Mother Teresa was . . . not a saint
Mother Teresa was . . . not a saint

Mother Teresa was . . . not a saint

Mother Teresa was . . . not a saint. Well, technically she was, but in practice, not so much. How dare someone criticize a saint? It’s easier if you realize that religion is a human construct, and that saints and miracles don’t exist except in the minds of people who built one of the largest and most successful systems of control in human history.
–On This Day in History Shit Went Down: October 7, 1950–
Born Anjezë Gonxhe Bojaxhiu in 1910 in what is now North Macedonia, then later becoming Sister Teresa, she proclaimed that while visiting Calcutta (now Kolkata) she received an “order” as a religious experience to help the poor. Her missionary work received enough attention that on October 7, 1950, the Vatican okayed the Missionaries of Charity. She claimed its intention was to help “the hungry, the naked, the homeless, the crippled, the blind, the lepers, all those people who feel unwanted, unloved, uncared for throughout society . . .” Just how well she cared for such people became a subject of much debate.

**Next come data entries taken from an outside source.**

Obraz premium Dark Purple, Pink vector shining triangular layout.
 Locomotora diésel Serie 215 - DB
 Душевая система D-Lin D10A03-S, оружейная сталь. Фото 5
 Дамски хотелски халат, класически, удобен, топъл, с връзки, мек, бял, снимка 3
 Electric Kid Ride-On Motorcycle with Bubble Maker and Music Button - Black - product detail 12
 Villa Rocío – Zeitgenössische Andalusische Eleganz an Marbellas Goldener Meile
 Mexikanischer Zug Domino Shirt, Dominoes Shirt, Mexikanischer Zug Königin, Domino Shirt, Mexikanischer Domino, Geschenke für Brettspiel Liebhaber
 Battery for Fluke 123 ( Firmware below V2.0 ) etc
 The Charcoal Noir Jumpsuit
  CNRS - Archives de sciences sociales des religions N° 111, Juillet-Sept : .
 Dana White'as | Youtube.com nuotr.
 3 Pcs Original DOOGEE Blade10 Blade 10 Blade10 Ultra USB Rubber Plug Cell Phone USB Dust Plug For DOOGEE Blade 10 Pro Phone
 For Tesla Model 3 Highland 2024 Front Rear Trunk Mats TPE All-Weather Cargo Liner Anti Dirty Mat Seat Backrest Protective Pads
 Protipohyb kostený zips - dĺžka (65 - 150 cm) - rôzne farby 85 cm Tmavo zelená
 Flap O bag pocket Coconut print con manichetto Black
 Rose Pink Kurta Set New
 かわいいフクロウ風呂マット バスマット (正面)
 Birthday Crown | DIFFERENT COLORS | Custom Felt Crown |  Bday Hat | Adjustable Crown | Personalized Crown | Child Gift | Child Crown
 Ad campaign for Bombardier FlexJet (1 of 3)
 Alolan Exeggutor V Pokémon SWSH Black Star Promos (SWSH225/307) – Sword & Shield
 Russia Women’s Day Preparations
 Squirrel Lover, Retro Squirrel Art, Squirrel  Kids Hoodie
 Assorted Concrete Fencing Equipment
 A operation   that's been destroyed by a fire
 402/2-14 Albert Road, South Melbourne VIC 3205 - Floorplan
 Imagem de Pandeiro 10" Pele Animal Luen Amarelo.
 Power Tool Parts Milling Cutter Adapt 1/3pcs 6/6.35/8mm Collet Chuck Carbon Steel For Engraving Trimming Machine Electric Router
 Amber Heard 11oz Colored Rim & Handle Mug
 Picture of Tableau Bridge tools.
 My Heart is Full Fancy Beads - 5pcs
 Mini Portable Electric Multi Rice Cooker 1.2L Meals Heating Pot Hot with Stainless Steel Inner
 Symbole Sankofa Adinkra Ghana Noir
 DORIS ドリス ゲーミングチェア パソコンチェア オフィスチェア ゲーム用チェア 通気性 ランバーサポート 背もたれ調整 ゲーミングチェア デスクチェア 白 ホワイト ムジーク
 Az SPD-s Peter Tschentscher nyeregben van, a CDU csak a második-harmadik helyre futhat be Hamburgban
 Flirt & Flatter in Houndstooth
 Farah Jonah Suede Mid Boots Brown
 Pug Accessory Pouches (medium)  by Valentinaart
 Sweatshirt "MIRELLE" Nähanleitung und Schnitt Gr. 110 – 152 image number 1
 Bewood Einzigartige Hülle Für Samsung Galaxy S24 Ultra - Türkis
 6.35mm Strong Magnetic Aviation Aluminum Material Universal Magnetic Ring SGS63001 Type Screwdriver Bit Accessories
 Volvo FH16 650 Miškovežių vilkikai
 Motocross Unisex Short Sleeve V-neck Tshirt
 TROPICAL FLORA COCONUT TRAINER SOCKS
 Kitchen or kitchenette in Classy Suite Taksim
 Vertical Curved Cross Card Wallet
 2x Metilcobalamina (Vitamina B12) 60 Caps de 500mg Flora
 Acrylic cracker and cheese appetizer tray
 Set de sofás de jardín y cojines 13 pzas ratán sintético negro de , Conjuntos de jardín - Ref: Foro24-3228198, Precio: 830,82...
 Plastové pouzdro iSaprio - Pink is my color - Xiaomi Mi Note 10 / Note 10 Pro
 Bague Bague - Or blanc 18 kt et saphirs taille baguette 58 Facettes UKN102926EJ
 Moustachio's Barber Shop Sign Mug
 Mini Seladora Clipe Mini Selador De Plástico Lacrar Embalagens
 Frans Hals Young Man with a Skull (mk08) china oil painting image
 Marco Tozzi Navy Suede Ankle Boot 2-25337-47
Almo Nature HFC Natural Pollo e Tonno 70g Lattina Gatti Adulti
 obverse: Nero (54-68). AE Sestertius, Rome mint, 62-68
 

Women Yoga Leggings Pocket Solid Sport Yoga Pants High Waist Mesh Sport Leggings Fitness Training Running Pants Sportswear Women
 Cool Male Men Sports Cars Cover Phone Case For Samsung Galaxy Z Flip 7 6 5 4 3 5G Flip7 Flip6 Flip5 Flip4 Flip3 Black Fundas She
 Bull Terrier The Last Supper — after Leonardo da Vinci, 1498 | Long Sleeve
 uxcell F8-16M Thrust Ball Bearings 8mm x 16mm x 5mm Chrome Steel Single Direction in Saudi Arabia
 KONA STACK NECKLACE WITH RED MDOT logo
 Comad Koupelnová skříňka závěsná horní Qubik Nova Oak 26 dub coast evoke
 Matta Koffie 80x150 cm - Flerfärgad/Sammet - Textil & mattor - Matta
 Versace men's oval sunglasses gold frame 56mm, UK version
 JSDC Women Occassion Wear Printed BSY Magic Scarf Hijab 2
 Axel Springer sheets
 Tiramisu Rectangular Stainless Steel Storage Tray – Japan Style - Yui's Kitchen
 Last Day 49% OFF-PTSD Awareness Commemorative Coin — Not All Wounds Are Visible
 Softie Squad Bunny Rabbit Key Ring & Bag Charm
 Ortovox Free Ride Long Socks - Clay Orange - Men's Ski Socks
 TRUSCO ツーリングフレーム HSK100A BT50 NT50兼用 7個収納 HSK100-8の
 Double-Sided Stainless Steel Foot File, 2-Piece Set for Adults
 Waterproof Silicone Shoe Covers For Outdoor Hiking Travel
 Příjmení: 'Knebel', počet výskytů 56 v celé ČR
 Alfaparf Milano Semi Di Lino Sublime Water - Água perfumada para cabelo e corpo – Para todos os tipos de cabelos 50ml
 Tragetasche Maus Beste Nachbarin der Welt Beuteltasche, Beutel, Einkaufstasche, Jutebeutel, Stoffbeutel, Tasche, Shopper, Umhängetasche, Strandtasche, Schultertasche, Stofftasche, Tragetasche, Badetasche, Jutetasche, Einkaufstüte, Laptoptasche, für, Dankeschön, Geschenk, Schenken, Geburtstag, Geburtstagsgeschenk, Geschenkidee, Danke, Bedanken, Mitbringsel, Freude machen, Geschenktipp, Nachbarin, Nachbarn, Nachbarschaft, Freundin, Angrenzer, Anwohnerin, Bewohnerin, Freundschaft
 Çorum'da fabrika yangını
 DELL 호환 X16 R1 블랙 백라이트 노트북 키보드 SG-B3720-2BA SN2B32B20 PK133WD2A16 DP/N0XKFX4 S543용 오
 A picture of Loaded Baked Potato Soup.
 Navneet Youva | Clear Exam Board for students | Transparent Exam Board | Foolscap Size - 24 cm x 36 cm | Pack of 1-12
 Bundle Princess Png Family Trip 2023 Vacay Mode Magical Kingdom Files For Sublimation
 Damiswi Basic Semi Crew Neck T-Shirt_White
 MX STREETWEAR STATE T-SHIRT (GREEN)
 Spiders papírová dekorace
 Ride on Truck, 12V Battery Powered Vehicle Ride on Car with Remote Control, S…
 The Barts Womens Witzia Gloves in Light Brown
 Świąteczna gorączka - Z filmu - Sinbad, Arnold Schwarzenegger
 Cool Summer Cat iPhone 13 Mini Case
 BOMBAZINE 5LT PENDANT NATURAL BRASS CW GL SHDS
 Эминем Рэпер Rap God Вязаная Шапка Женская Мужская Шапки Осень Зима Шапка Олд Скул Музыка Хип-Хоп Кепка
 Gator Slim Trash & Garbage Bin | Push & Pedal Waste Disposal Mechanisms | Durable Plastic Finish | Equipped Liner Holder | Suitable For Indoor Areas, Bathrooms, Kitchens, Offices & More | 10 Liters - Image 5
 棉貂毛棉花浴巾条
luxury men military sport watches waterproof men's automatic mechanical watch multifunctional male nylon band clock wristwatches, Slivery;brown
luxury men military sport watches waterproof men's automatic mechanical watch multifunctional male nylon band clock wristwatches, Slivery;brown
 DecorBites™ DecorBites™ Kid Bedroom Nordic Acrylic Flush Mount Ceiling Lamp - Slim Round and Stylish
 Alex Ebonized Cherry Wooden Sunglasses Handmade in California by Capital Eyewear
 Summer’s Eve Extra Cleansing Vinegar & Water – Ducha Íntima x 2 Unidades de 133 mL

Being she won a Nobel Peace Prize in 1979, and the Catholic Church canonized her in 2016, there has of course been much criticism of the criticism, but the criticism is based on direct observation and research, so here we go.
Dr. Aroup Chatterjee, a physician born and raised in Kolkata, spent years as an activist in the city’s slums and worked in one of Teresa’s charitable homes. Disgusted with what he saw, he conducted over a hundred interviews to write a book describing Teresa’s “cult of suffering.” Noted atheist Christopher Hitchens penned his own short polemical tome criticizing Teresa for using the wretched state of those she professed to help as propaganda pieces to promote fundamentalist Catholicism.
Tremendous amounts of money poured into the Missionaries of Charity, but most didn’t appear to find its way to helping those in need. Rather, it went toward converting people to Christianity. Children were tied to beds. Those dying in agony were given little more than aspirin. Hypodermic needles were reused, and there was zero privacy even for defecation. People with no medical training administered long-expired medicines. Shit-stained blankets were washed in the same sink as dishes.
The editor for The Lancet, who visited Teresa’s Kolkata hospice in 1994, described the care as “haphazard” and observed that many in the hospice weren’t actually dying, but simply ill; yet there was no proper diagnosis or effort to save them. Pain management was practically nonexistent. And a 2013 academic study out of the University of Montreal revealed that her hallowed image was carefully constructed by the Catholic Church rather than earned via merit, and that the missions practiced “caring for the sick by glorifying their suffering instead of relieving it.”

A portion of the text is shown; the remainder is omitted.